Roughly 5% of all colorectal carcinomas are hereditary non-polyposis colorectal cancers (HNPCCs). In HNPCC, histologically verified colorectal carcinoma is found in at least three relatives from two or more successive generations. In at least one patient, the age of onset should be less than 50 years. Seven chromosomal regions have been linked to HNPCC. More than half of these HNPCC regions show misregulated expression in our patients. Three regions show down-regulation (3p21.3, 2q31-q33 comprising PMS1, 14q24.3 comprising MLH3), one region shows up-regulation (7p22 comprising PMS2), and three regions do not show significant changes in expression (2p22.p21 comprising MSH2, 2p16 comprising MSH6, 3p22 comprising TGFBR2). Eleven further chromosomal regions are linked to hereditary colorectal carcinoma under a common entry in OMIM (14500). More than 50% of these regions show significant expression changes in our data. Five regions show down-regulation (1p35, 14q24.3, 17p11.2, 17p13.1, 22q13), one region shows up-regulation (2p25), and five regions do not show significant expression changes in our data (3q26.3, 8p22-p21.3, 11p11.2, 15q15, 17q24). In combination, these findings strongly suggest that expression changes in regions linked to hereditary CRC play a role in CRC development.

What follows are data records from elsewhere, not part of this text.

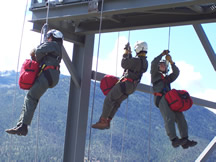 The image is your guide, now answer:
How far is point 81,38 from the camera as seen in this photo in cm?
929

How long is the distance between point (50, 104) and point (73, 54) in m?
128

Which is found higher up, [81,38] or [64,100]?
[64,100]

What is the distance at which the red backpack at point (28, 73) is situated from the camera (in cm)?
695

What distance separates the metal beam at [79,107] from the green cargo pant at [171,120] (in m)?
2.53

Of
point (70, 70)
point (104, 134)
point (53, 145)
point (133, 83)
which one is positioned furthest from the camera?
point (104, 134)

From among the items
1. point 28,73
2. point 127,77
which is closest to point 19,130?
point 28,73

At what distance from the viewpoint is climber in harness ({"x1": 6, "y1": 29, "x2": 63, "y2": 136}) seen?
6891mm

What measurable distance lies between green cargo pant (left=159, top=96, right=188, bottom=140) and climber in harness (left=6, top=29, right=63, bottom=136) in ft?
6.07

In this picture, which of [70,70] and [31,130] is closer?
[70,70]

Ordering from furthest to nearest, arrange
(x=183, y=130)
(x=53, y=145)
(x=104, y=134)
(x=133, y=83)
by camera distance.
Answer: (x=104, y=134), (x=53, y=145), (x=133, y=83), (x=183, y=130)

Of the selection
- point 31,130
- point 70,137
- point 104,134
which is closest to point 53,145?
point 31,130

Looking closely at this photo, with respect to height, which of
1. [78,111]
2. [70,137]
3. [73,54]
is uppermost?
[73,54]

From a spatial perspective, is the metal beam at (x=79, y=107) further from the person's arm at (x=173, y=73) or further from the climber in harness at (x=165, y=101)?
the person's arm at (x=173, y=73)

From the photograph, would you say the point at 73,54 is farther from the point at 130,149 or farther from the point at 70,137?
the point at 130,149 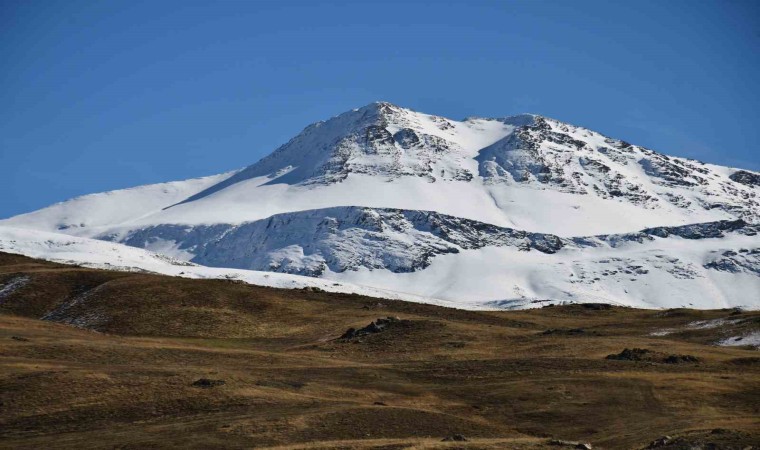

Congruence of our study with the genome-wide copy number and expression analysis of Tsafrir et al

A particular focus of our study was on the congruence of our data with that of Tsafrir et al. [17]. These authors described 11 alterations of whole chromosomes or chromosome arms. Using our approach based solely on expression data we found precisely defined region of coordinated up-regulation in all four regions of gene expression and gDNA copy number gain that they reported (+7, +8q, +13q, +20q). For six of seven aberrations (-1p, -4, -5q, -14q, -15q, -18) we discovered smaller expression islands of coordinated down-regulation. We were not able to reproduce the finding of expression loss on 8p. In summary, this large congruence of our results with that of Tsafrir et al. can be regarded as an external validation of our results. The comparison illustrates the power of our data analysis approach which allows to define expression islands on a single-gene resolution. Most importantly it confirms our confidence in the use of the chip platform (Affymetrix U133A) that was used in both studies and apparently can lead to largely congruent results in different patient cohorts and laboratories.